Commit 7d20aa5c authored by Linus Torvalds's avatar Linus Torvalds
Browse files
Pull power management updates from Rafael Wysocki:
 "These are dominated by cpufreq updates which in turn are dominated by
  updates related to boost support in the core and drivers and
  amd-pstate driver optimizations.

  Apart from the above, there are some cpuidle updates including a
  rework of the most recent idle intervals handling in the venerable
  menu governor that leads to significant improvements in some
  performance benchmarks, as the governor is now more likely to predict
  a shorter idle duration in some cases, and there are updates of the
  core device power management code, mostly related to system suspend
  and resume, that should help to avoid potential issues arising when
  the drivers of devices depending on one another want to use different
  optimizations.

  There is also a usual collection of assorted fixes and cleanups,
  including removal of some unused code.

  Specifics:

   - Manage sysfs attributes and boost frequencies efficiently from
     cpufreq core to reduce boilerplate code in drivers (Viresh Kumar)
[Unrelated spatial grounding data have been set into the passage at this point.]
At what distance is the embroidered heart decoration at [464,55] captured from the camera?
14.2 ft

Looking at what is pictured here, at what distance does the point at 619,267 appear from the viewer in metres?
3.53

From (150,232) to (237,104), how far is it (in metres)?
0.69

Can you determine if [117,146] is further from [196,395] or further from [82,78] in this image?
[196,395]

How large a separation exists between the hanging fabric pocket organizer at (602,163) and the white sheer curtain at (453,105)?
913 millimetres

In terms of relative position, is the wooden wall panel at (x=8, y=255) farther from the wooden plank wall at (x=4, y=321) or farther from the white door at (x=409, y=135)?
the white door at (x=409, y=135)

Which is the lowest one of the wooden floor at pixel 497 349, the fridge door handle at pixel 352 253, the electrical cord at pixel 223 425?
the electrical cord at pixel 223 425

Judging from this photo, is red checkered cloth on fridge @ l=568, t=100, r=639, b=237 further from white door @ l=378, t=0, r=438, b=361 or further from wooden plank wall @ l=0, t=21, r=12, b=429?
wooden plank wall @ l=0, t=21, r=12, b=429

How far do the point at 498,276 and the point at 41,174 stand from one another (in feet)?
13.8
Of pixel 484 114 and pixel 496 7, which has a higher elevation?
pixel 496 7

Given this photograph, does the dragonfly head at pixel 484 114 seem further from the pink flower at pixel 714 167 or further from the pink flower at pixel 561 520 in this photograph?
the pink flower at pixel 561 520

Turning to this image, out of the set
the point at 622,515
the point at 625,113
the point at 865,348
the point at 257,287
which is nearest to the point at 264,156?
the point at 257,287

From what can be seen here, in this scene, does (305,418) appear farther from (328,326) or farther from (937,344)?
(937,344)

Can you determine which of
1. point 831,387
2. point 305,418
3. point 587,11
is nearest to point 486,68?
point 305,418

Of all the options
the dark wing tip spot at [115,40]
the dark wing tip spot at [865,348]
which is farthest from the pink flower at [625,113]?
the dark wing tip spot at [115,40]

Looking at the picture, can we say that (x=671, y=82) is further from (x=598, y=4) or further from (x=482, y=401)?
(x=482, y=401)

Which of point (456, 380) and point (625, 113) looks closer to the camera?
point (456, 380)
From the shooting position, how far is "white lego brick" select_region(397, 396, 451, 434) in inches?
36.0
   - Minor cleanups to cpufreq drivers (Aaron Kling, Benjamin Schneider,
     Dhananjay Ugwekar, Imran Shaik, zuoqian)

   - Migrate some cpufreq drivers to using for_each_present_cpu() (Jacky
     Bai)

   - cpufreq-qcom-hw DT binding fixes (Krzysztof Kozlowski)
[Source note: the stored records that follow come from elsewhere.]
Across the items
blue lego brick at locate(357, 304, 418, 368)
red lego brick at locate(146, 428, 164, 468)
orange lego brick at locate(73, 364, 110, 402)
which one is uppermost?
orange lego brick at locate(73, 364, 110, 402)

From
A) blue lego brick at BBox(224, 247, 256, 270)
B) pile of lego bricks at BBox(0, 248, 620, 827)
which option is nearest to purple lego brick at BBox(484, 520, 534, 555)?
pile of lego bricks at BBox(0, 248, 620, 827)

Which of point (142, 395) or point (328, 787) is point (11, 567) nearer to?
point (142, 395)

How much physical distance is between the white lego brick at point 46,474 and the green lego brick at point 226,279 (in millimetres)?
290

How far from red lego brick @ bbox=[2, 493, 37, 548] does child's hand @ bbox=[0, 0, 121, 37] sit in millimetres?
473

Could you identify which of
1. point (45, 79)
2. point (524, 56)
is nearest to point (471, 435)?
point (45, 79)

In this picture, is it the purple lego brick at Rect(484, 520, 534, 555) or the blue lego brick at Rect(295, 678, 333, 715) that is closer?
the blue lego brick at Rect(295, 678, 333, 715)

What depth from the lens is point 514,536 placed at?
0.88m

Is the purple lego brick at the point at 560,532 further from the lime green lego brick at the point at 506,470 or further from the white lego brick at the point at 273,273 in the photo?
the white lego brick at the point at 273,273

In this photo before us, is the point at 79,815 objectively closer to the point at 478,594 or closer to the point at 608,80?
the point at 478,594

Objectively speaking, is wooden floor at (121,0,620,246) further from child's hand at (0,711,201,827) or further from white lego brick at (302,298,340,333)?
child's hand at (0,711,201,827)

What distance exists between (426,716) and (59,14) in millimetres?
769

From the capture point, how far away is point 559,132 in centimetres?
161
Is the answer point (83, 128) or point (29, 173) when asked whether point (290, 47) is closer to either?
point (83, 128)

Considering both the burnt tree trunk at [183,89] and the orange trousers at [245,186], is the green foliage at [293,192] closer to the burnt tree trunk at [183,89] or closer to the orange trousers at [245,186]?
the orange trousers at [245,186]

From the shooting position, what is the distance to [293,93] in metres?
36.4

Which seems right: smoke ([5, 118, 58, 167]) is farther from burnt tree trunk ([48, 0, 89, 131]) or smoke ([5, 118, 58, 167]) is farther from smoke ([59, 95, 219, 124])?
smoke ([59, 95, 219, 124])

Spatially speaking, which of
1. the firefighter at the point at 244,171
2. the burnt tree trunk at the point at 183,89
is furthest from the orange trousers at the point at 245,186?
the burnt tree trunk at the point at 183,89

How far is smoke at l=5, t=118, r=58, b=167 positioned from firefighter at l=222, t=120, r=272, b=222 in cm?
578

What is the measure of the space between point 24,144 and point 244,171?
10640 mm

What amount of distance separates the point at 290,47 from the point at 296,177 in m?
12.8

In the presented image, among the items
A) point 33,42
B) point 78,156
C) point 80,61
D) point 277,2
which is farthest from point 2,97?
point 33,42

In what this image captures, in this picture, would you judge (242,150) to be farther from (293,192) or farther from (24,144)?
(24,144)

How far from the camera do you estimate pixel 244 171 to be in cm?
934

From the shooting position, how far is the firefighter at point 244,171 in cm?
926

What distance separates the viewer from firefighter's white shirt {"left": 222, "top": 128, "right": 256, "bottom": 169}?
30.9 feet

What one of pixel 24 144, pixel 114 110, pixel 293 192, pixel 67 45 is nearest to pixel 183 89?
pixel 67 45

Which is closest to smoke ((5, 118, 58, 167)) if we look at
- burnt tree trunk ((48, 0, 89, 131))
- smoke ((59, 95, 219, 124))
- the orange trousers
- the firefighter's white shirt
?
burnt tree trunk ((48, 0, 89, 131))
   - Use str_enable_disable() helper in cpufreq_online() (Lifeng Zheng)

   - Optimize the amd-pstate driver to avoid cases where call paths end
     up calling the same writes multiple times and needlessly caching
     variables through code reorganization, locking overhaul and tracing
     adjustments (Mario Limonciello, Dhananjay Ugwekar)
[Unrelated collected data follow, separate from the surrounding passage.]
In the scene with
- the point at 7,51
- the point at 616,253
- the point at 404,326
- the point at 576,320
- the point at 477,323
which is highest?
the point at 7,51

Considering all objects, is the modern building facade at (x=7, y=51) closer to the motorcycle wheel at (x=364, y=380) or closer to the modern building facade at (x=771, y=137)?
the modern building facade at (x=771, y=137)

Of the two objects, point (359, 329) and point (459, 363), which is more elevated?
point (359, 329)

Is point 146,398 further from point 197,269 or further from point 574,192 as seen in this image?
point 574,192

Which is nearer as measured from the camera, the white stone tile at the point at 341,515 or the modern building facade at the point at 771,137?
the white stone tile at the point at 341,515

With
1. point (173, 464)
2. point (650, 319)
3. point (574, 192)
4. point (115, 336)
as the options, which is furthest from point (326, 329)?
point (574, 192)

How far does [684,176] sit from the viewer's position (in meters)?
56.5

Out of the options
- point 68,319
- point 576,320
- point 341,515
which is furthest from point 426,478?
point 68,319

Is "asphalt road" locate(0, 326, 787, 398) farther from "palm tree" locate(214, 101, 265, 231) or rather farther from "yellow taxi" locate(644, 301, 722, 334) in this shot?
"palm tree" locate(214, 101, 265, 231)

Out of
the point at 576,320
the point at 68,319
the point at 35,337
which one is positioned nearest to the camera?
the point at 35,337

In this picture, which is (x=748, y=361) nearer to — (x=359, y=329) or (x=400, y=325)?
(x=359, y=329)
   - Make it possible to avoid enabling capacity-aware scheduling (CAS)
     in the intel_pstate driver and relocate a check for out-of-band
     (OOB) platform handling in it to make it detect OOB before checking
     HWP availability (Rafael Wysocki)

   - Fix dbs_update() to avoid inadvertent conversions of negative
     integer values to unsigned int which causes CPU frequency selection
     to be inaccurate in some cases when the "conservative" cpufreq
     governor is in use (Jie Zhan)

   - Update the handling of the most recent idle intervals in the menu
     cpuidle governor to prevent useful information from being discarded
     by it in some cases and improve the prediction accuracy (Rafael
     Wysocki)

   - Make it possible to tell the intel_idle driver to ignore its
     built-in table of idle states for the given processor, clean up the
     handling of auto-demotion disabling on Baytrail and Cherrytrail
     chips in it, and update its MAINTAINERS entry (David Arcari, Artem
     Bityutskiy, Rafael Wysocki)

   - Make some cpuidle drivers use for_each_present_cpu() instead of
     for_each_possible_cpu() during initialization to avoid issues
     occurring when nosmp or maxcpus=0 are used (Jacky Bai)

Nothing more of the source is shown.